ACTIVITY => As output, give the exact lines from the one containing "this 1345×896 image." through the end of the listing below, both included, without the pictures.

SUPPLIED ENTRIES =>
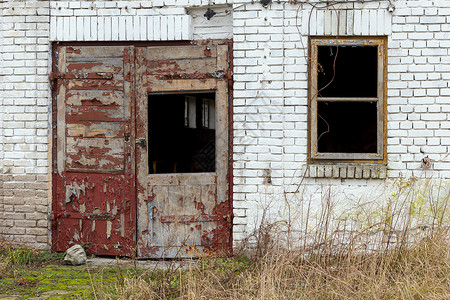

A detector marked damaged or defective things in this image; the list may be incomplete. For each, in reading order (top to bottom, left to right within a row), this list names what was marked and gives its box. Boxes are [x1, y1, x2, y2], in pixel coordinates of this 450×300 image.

broken door panel [52, 45, 135, 255]
rusty door frame [51, 40, 236, 255]
broken window [148, 92, 216, 175]
broken door panel [134, 44, 232, 258]
broken window [310, 38, 386, 162]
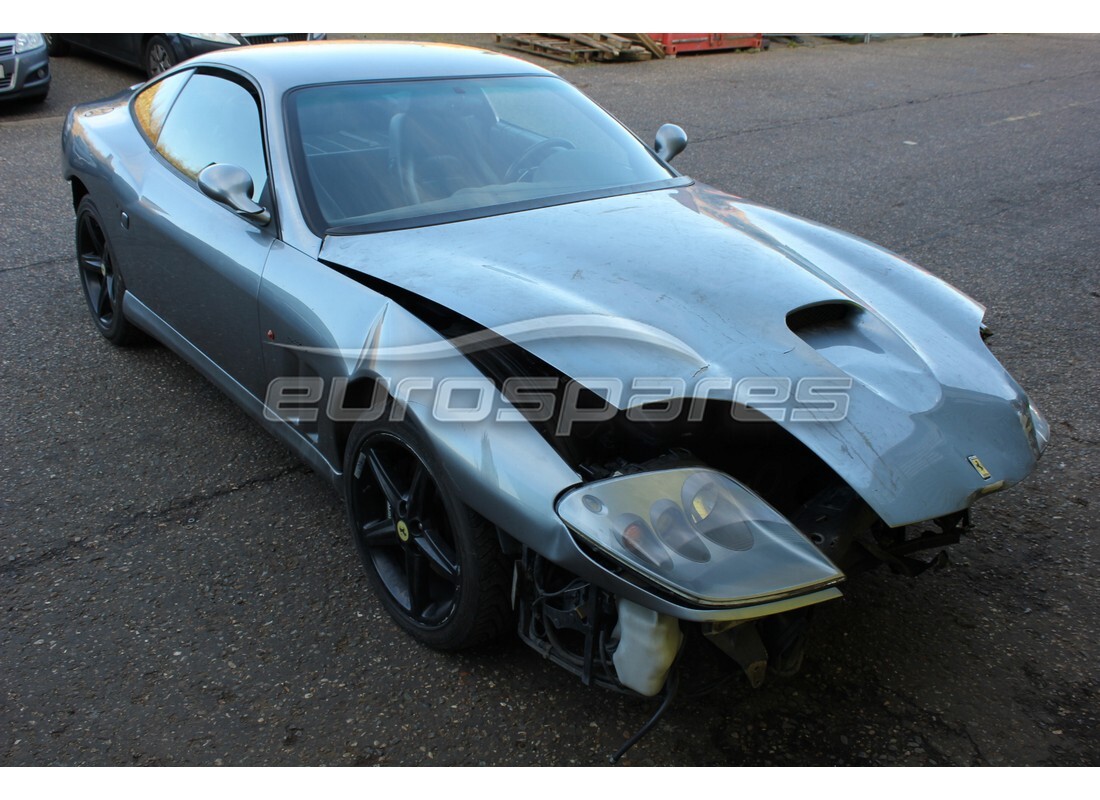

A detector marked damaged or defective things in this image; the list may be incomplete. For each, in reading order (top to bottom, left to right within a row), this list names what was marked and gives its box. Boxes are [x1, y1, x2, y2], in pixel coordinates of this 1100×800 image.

dented hood [321, 184, 1047, 528]
exposed headlight assembly [558, 468, 840, 607]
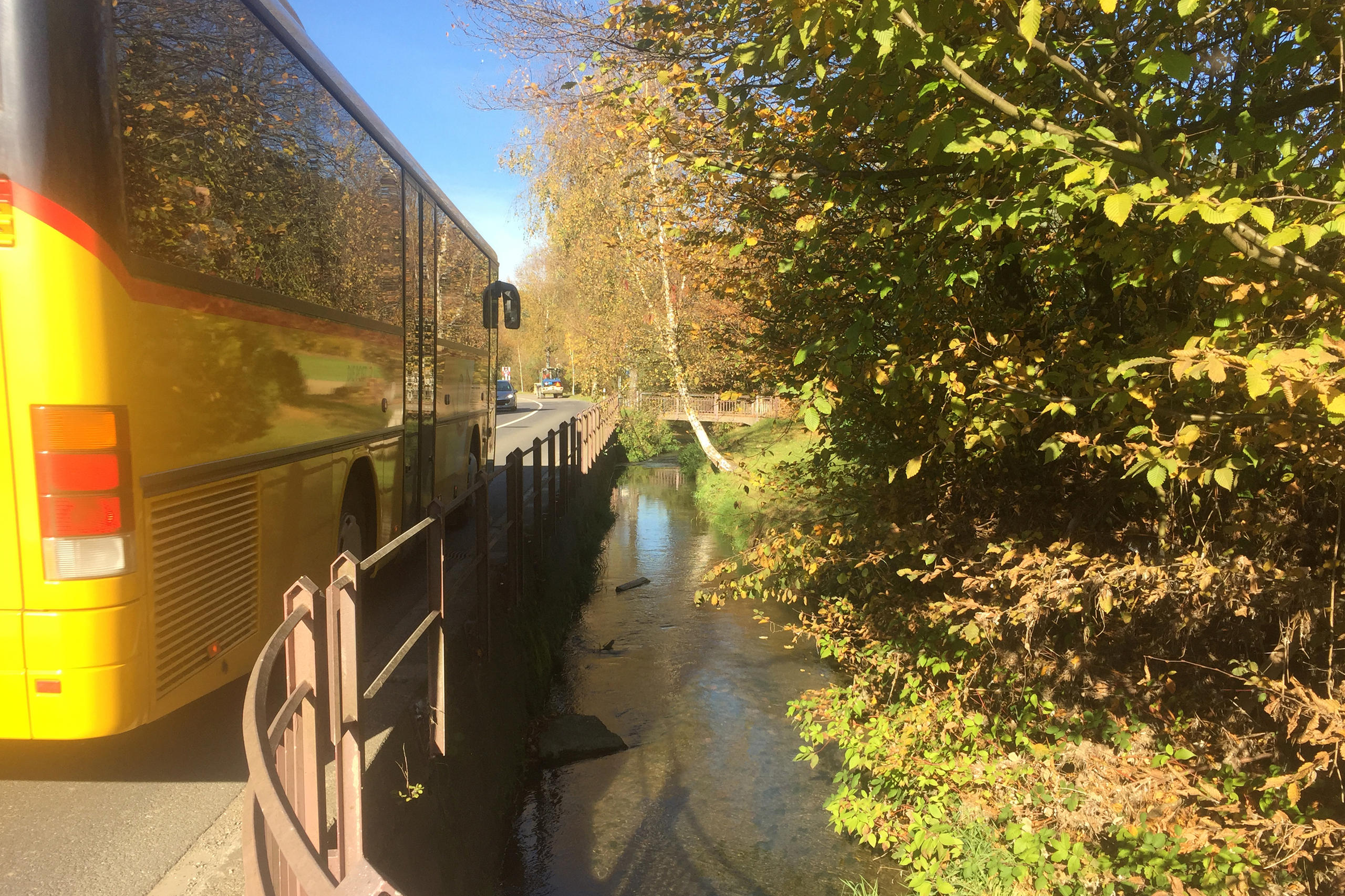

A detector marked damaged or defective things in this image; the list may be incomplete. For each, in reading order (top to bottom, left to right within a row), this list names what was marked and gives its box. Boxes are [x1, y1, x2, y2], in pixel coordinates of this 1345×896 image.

rusty metal fence [242, 398, 618, 893]
rusty metal fence [632, 390, 785, 422]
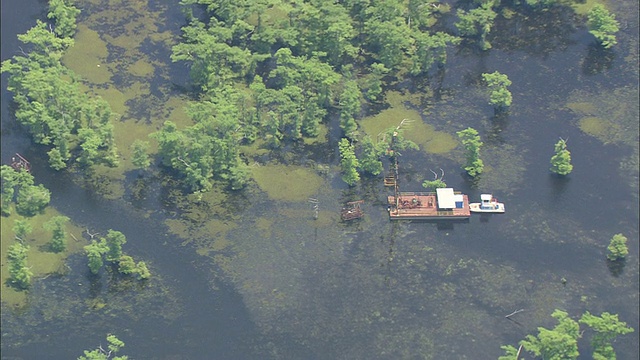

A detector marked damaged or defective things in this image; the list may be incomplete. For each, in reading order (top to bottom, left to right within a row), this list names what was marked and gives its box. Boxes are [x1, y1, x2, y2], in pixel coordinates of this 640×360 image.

rusty structure [9, 153, 30, 173]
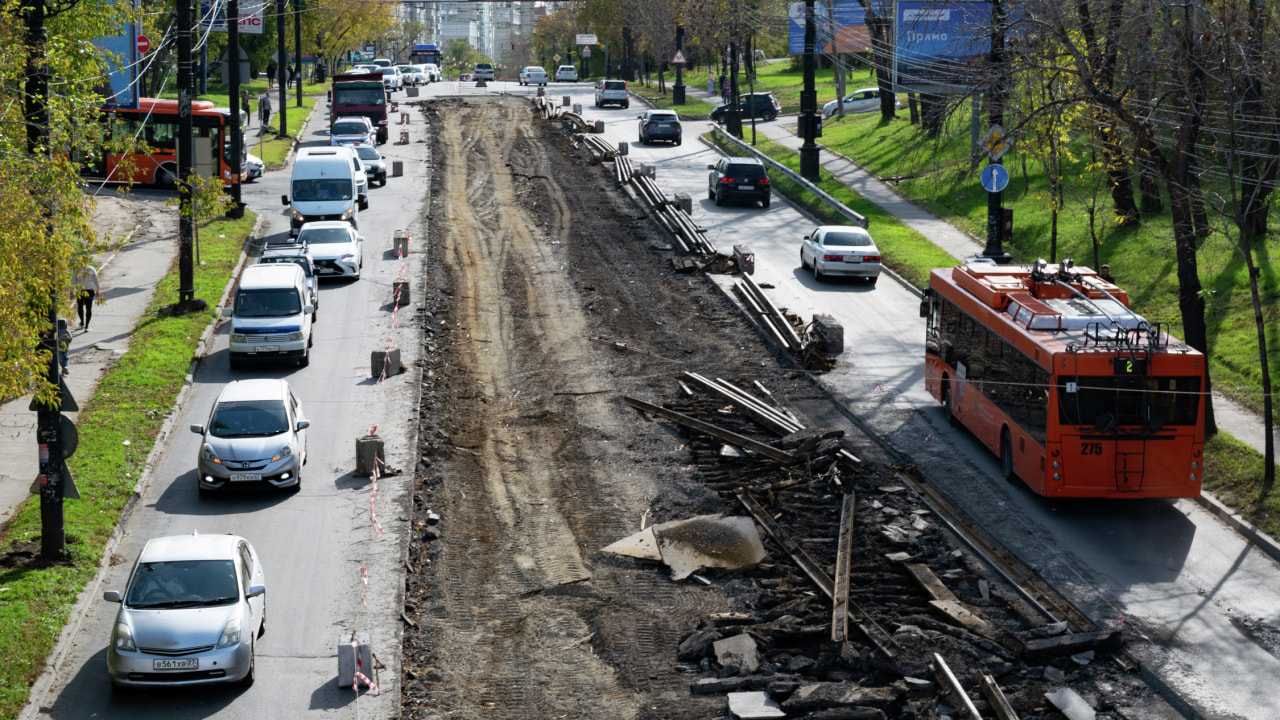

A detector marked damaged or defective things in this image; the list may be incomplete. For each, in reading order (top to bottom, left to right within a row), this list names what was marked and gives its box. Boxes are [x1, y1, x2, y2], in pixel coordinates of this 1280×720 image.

broken concrete chunk [711, 627, 757, 671]
broken concrete chunk [727, 691, 783, 717]
broken concrete chunk [778, 676, 901, 712]
broken concrete chunk [1044, 681, 1095, 717]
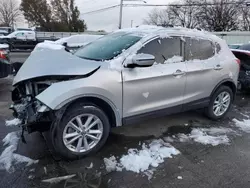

TASK RESULT =>
A detector marked damaged or defective things in this image; the list may be incomplete. For each, in reading order (top to bottom, left to right within a row), this list names what was marked and gives its box. Boxes are [x1, y1, x2, y2], in pixel coordinates of this 1345×896 image.

rusty metal fence [242, 398, 618, 893]
rusty metal fence [632, 390, 785, 422]

A detector marked damaged or defective things in this image; the list may be incomplete. For each, in reading order (top to bottom, left to right within a row), this list names what was marked and gives its box. Boxes are [x1, y1, x2, y2], in pixel coordinates of this 640×360 image.

rusty structure [9, 153, 30, 173]

A detector marked damaged or defective things in this image; the list may be incomplete. For each, in reading order (top to bottom, left to right within a row), this list names what was marked and gives its box. Boxes are [x1, y1, x2, y2], in pixel coordinates of this 1280×720 image.

broken concrete chunk [711, 627, 757, 671]
broken concrete chunk [727, 691, 783, 717]
broken concrete chunk [778, 676, 901, 712]
broken concrete chunk [1044, 681, 1095, 717]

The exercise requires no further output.